======== Supplied records
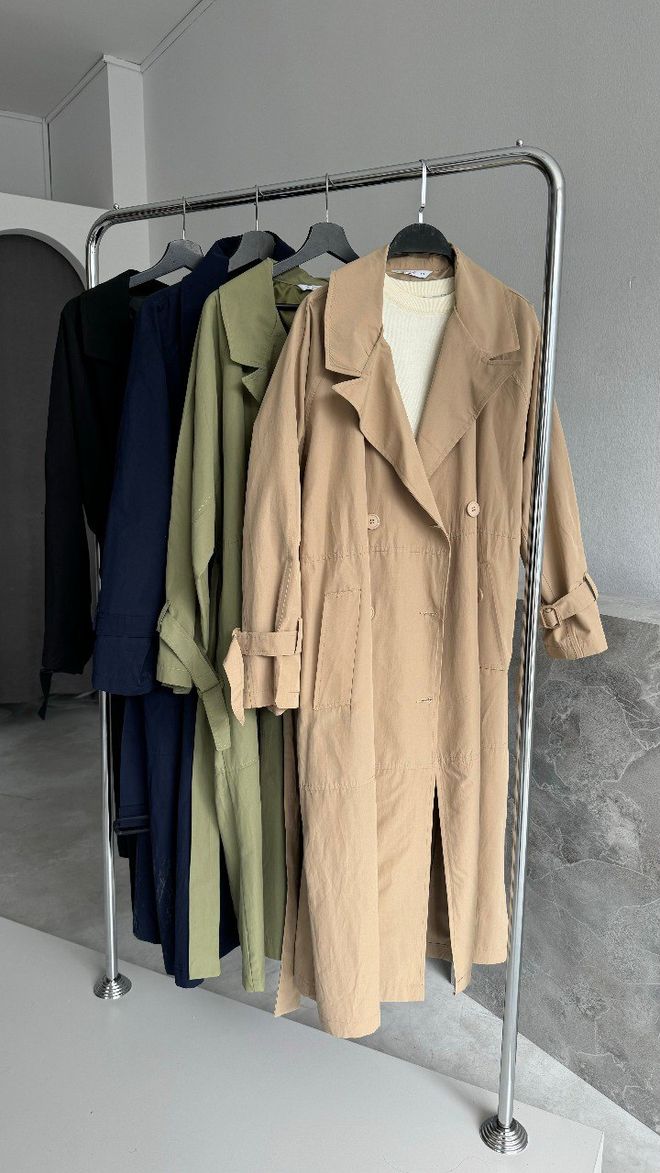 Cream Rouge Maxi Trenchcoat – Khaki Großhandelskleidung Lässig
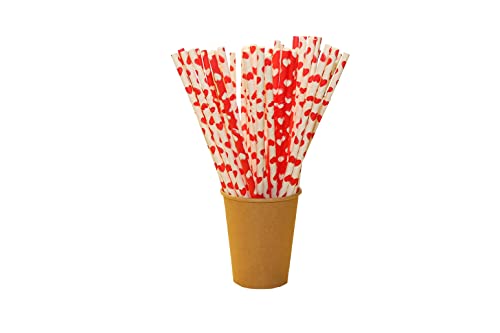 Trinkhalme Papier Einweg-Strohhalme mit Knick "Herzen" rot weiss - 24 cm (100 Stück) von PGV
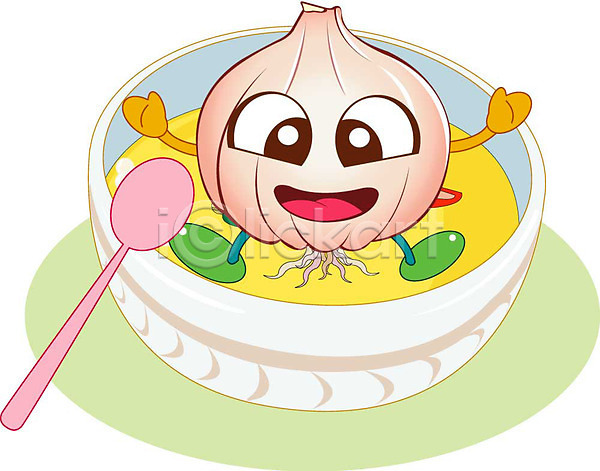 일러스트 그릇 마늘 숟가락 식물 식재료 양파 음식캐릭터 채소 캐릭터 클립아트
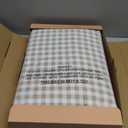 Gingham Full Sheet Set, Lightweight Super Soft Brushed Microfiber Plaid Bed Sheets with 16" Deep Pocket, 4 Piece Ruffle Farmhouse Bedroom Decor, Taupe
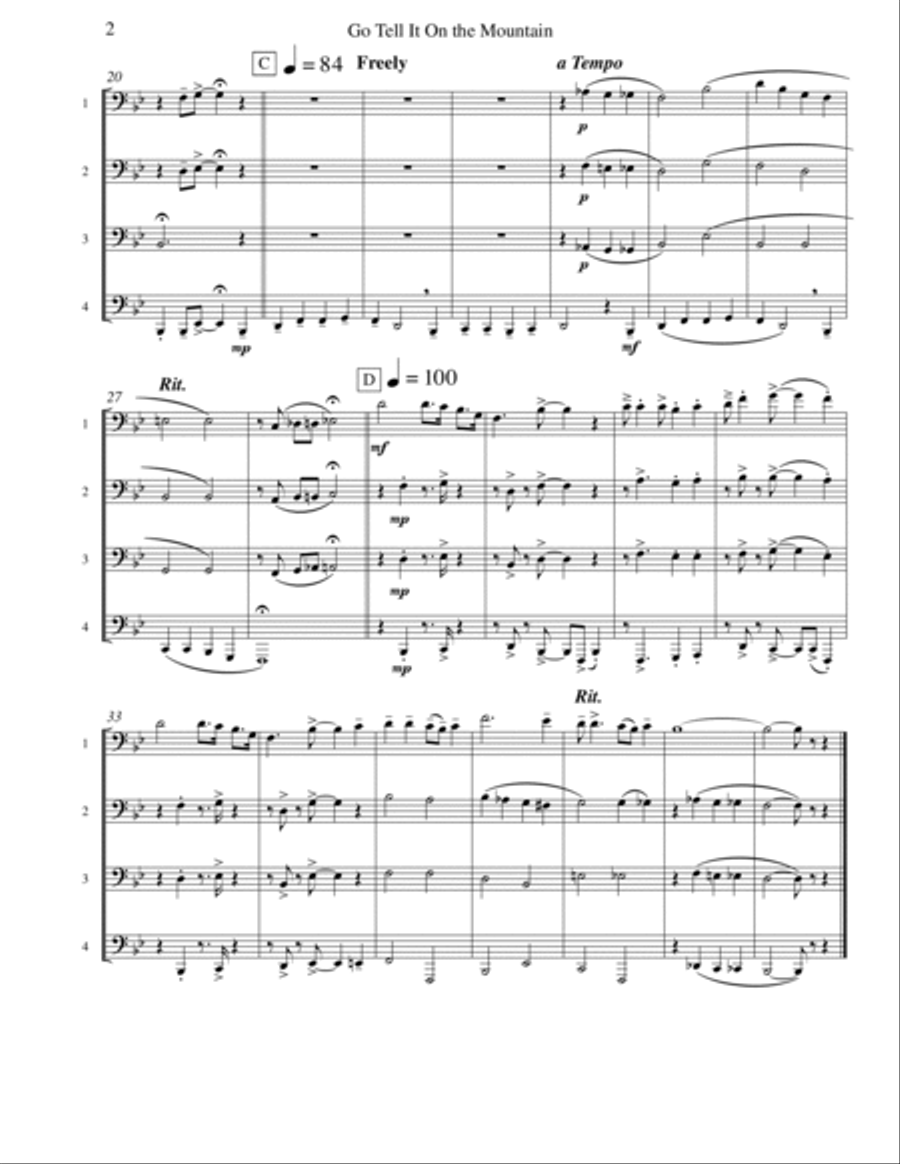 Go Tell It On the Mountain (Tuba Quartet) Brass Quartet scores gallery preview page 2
================
→ Requirement
In your answer, give every line of the listing above exactly, and do not include the images.

→ Answer box
 Cream Rouge Maxi Trenchcoat – Khaki Großhandelskleidung Lässig
 Trinkhalme Papier Einweg-Strohhalme mit Knick "Herzen" rot weiss - 24 cm (100 Stück) von PGV
 일러스트 그릇 마늘 숟가락 식물 식재료 양파 음식캐릭터 채소 캐릭터 클립아트
 Gingham Full Sheet Set, Lightweight Super Soft Brushed Microfiber Plaid Bed Sheets with 16" Deep Pocket, 4 Piece Ruffle Farmhouse Bedroom Decor, Taupe
 Go Tell It On the Mountain (Tuba Quartet) Brass Quartet scores gallery preview page 2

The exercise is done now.